'''
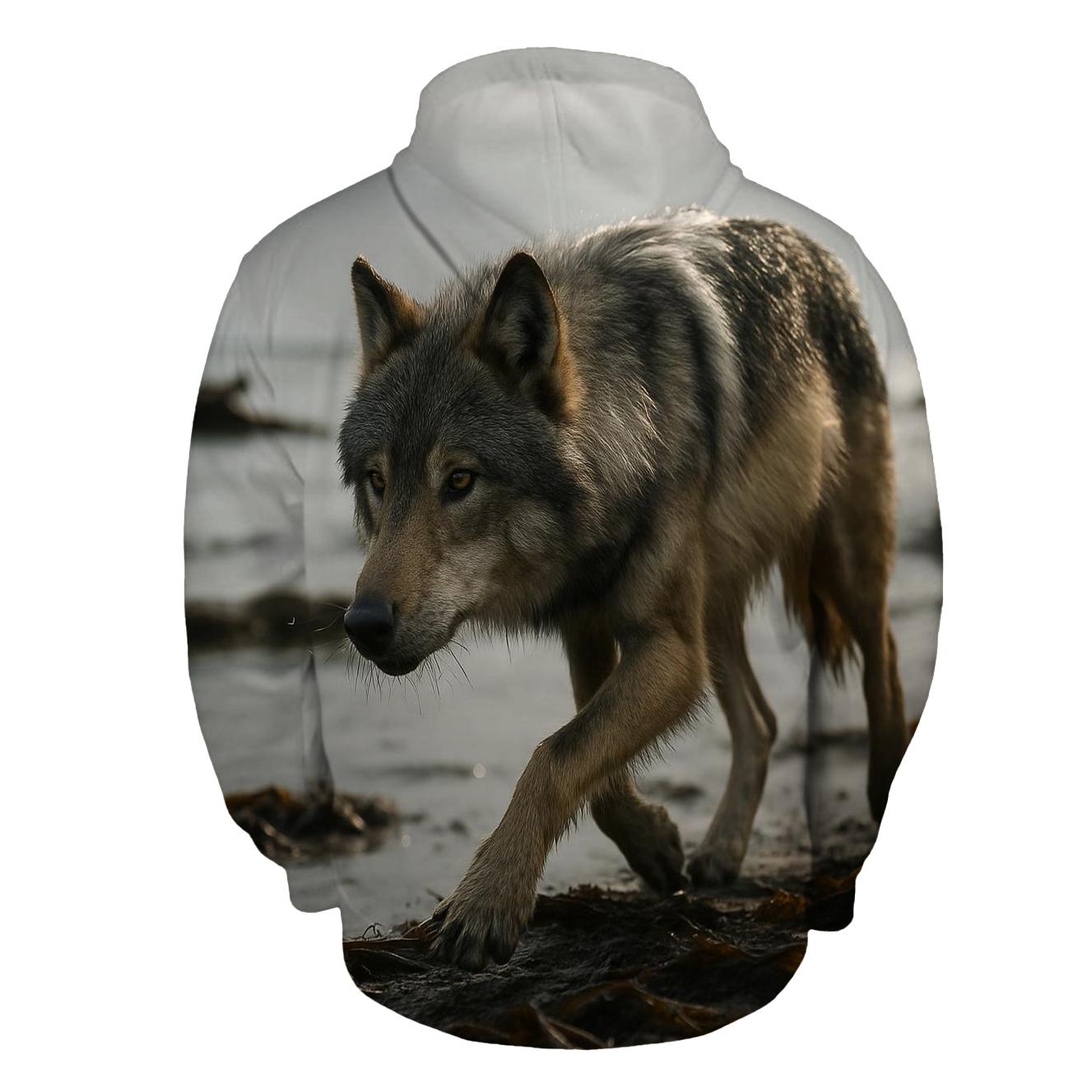 Sea Wolf Tracking Salmon Along Kelp Shore premium hoodies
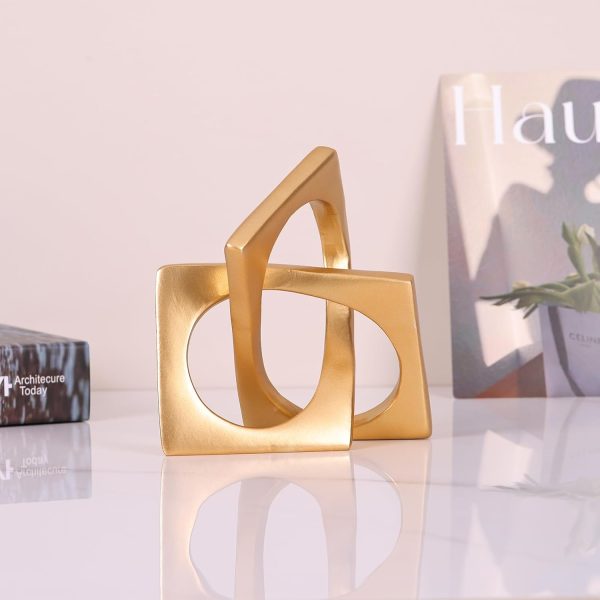 dropship from factory modern geometric sculpture gold knot statue decor, home gold bookcase centerpiece jax decorative, geometric tabletop sculpture and figurines, for golden home decor accent, cube decorative ornaments mass production supply
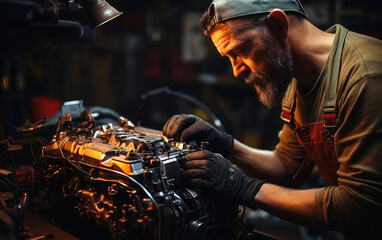 Fototapeta na wymiar A man fixing an engine in his garage. Generative AI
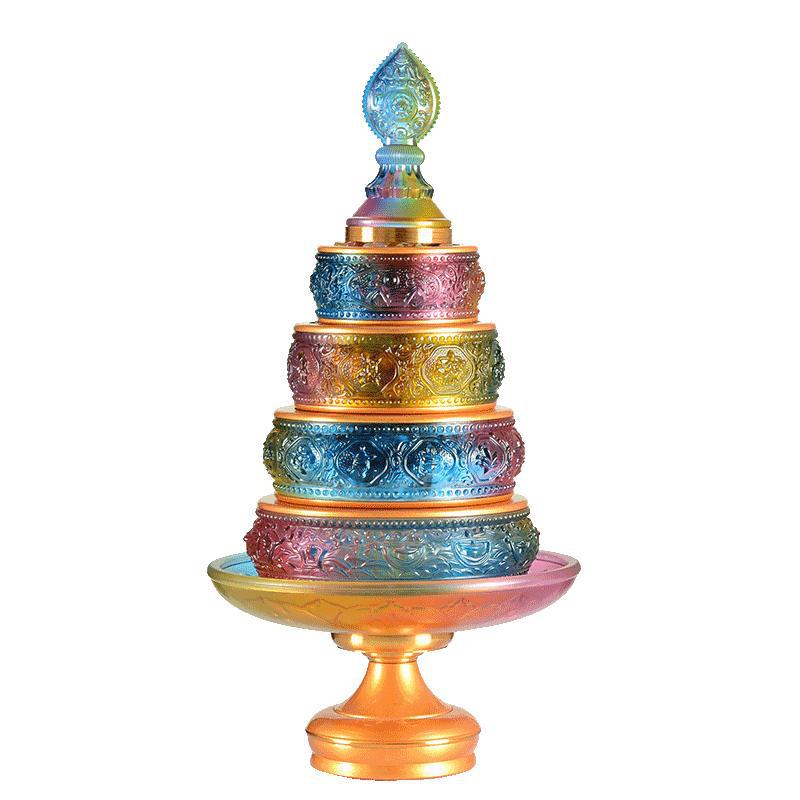 Glass Mandala Plate Supplies, Eight Auspicious Ornaments, Mandala Plate in Front of Buddha, Mandala Tea Plate, Repair Plate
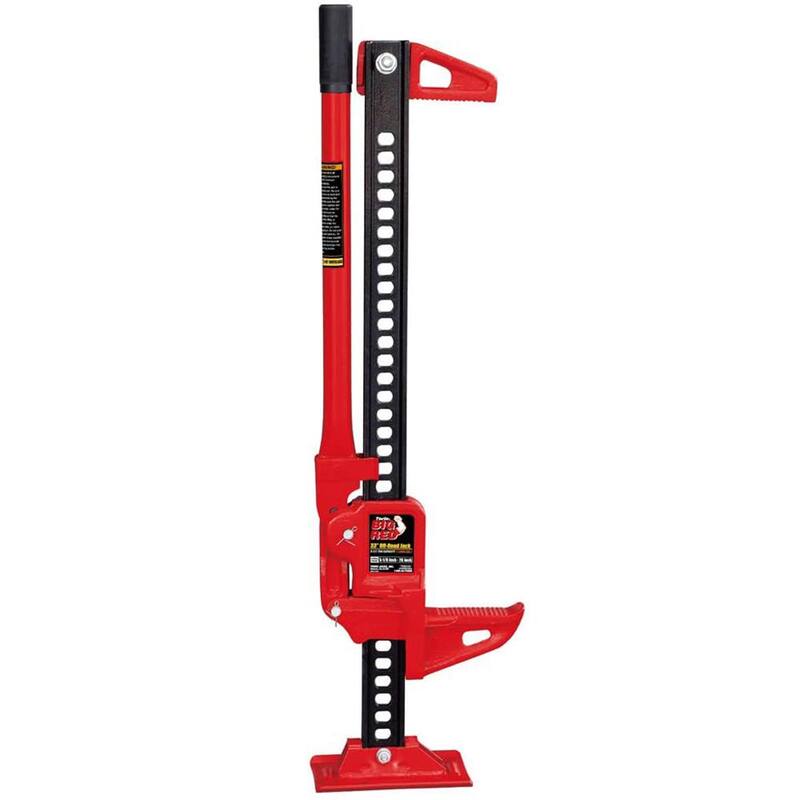 Big Red 3-Ton (6,000 lbs.) Capacity 33 in. Ratcheting Off Road Utility Farm Jack, Red and Black - TRA7224B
'''
▶ ASSIGNED TASK
Give back only the lines from the one that carries "dropship from factory" through the final line above, both included. Drop all pictures.

▶ RESPONSE BELOW
 dropship from factory modern geometric sculpture gold knot statue decor, home gold bookcase centerpiece jax decorative, geometric tabletop sculpture and figurines, for golden home decor accent, cube decorative ornaments mass production supply
 Fototapeta na wymiar A man fixing an engine in his garage. Generative AI
 Glass Mandala Plate Supplies, Eight Auspicious Ornaments, Mandala Plate in Front of Buddha, Mandala Tea Plate, Repair Plate
 Big Red 3-Ton (6,000 lbs.) Capacity 33 in. Ratcheting Off Road Utility Farm Jack, Red and Black - TRA7224B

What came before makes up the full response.